Network topology was a central experimental variable. Eight distinct graphs were used: three regular ring lattices (degree = 2, 4, 6) and five random graphs with heterogeneous degrees (average degree ≈ 4, range 1–10). Participants were randomly assigned to nodes in each run, ensuring that the number of observable neighbors differed both across participants and across runs. This design allowed the authors to probe how structural connectivity influences the propensity to seek social information versus relying on broadcast updates.
The core empirical findings are threefold. First, the probability of evacuation rose sharply as the disaster likelihood increased, but the exact “threshold” at which individuals chose to evacuate varied systematically with two contextual pressures: (a) time pressure, represented by the shrinking window in which the disaster could strike, and (b) competition for shelter space, represented by the number of already‑occupied beds. Second, participants embedded in higher‑degree random networks tended to query neighbor status more frequently and often evacuated earlier than those in low‑degree lattice networks, indicating faster diffusion of social cues in the former. Third, individual differences in personality and risk attitudes correlated with model parameters: risk‑averse participants displayed lower average probability thresholds, while higher extraversion and openness were linked to more consistent (lower variance) application of the threshold and greater use of social information.
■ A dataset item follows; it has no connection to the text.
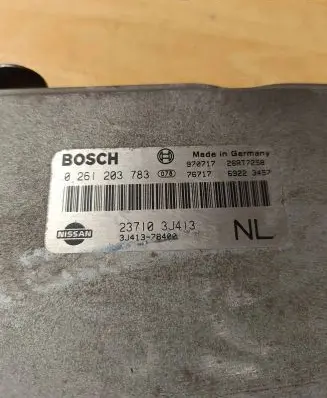 Nissan Primera Engine control unit/module 237103J413 3J41378400 0261203783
To capture these dynamics, the authors introduced a stochastic decision model comprising three key parameters: (i) a multiplicative rate factor α that scales the baseline evacuation rate by disaster probability, time pressure, and shelter‑capacity competition; (ii) an average decision threshold θ̄ representing the typical disaster probability at which a participant decides to evacuate; and (iii) a variability term σθ reflecting how consistently the threshold is applied across runs. The instantaneous evacuation rate λ(t) is expressed as λ(t)=α·P_hit(t)·f(time)·g(capacity). Parameter estimation via maximum likelihood yielded a high goodness‑of‑fit (R²≈0.87) to the observed evacuation time distributions across all scenarios.
The model’s explanatory power enables several practical implications. It provides a quantitative framework for disaster‑management simulations that can test the impact of different information‑dissemination strategies (centralized broadcast versus decentralized peer updates) and resource‑allocation policies (e.g., dynamic shelter capacity announcements). Moreover, the identified links between psychometric traits and decision parameters suggest that tailored communication—such as early warnings for risk‑averse individuals or real‑time capacity dashboards for socially oriented groups—could improve overall evacuation efficiency.
The authors acknowledge limitations: the experiment was conducted in a virtual, low‑stakes environment lacking genuine physical danger, emotional stress, and broader social ties (family, community leaders). The sample consisted solely of university students, limiting demographic generalizability. Future work is proposed to incorporate immersive virtual‑reality scenarios, more diverse participant pools, and field‑validated data to refine and validate the model for real‑world disaster planning.